A mapping of Clean Cargo membership divided by vessel size and type shows a clear increase in the fleet size, which results in an increase in the total amount of fuel consumed by the group.

There were no major changes in fuel types, with vessels remaining mainly on HFO. There has been a slight increase in MDO and a substantial increase in LFO, LNG, and hybrid fuels, even if they still represent a small proportion of the total fuel consumed. LNG is used mainly on small vessels, while the hybrid fuels use is spread among the larger sizes of vessels. Ultra-large vessels were still running on HFO or conventional fuels.

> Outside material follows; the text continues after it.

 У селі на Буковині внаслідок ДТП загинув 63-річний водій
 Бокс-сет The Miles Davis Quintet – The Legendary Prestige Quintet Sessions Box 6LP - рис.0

Over the last 10 years, the main trends observed through the Clean Cargo reporting framework were:

  • Clean Cargo Fleet capacity grew by 153%, from 8 to 20.4 mil. TEU
  • Heavy fuel oil decreased from 97.2% to 86.6% of fuel used.
  • Lower emissions correlate with higher transport work, increasing ship size and tradelane length

“Standardized, consolidated, industry-wide emissions data are essential to decarbonization efforts,” said Angie Farrag-Thibault, Collaborations and Transport Director at BSR and Program Director of Clean Cargo.

“With over 60 global brands and forwarders working with the industry in Clean Cargo, we are making excellent collective progress. But we know that further action is needed: full value chain collaboration is critical to transform the system, and we encourage more brands to get involved.”

Several years ago, Clean Cargo developed a standardized methodology and reporting system that was adopted globally by the industry, with carriers submitting operational data from the entire fleet to BSR on an annual basis for trade lane emission factors aggregation.

The Clean Cargo general formula to calculate vessel CO2 emissions (in gCO2/TEUkm) is:

(𝑡𝑜𝑡𝑎𝑙 𝑘𝑔 𝑓𝑢𝑒𝑙 𝑐𝑜𝑛𝑠𝑢𝑚𝑒𝑑 𝑓𝑜𝑟 𝑐𝑜𝑛𝑡𝑎𝑖𝑛𝑒𝑟𝑠 ∗ 𝐼𝑀𝑂 𝑓𝑎𝑐𝑡𝑜𝑟 𝑔𝐶𝑂2 𝑘𝑔 𝑓𝑢𝑒𝑙)

_________________________________________________________________ (𝑚𝑎𝑥𝑖𝑚𝑢𝑚 𝑛𝑜𝑚𝑖𝑛𝑎𝑙 𝑇𝐸𝑈 𝑐𝑎𝑝𝑎𝑐𝑖𝑡𝑦 ∗ 𝑡𝑜𝑡𝑎𝑙 𝑑𝑖𝑠𝑡𝑎𝑛𝑐𝑒 𝑠𝑎𝑖𝑙𝑒𝑑 [𝑘𝑚])

The results produce environmental performance scorecards for each carrier, which are used to meet corporate supply chain sustainability goals by a significant share of shipping customers participating in the group.

This year, Clean Cargo reported information that includes W2W, CO2e and a 70 percent utilization adjustment factor.

Clean Cargo is a GLEC Accredited partner of SFC and a Knowledge Partner to the Getting to Zero Coalition.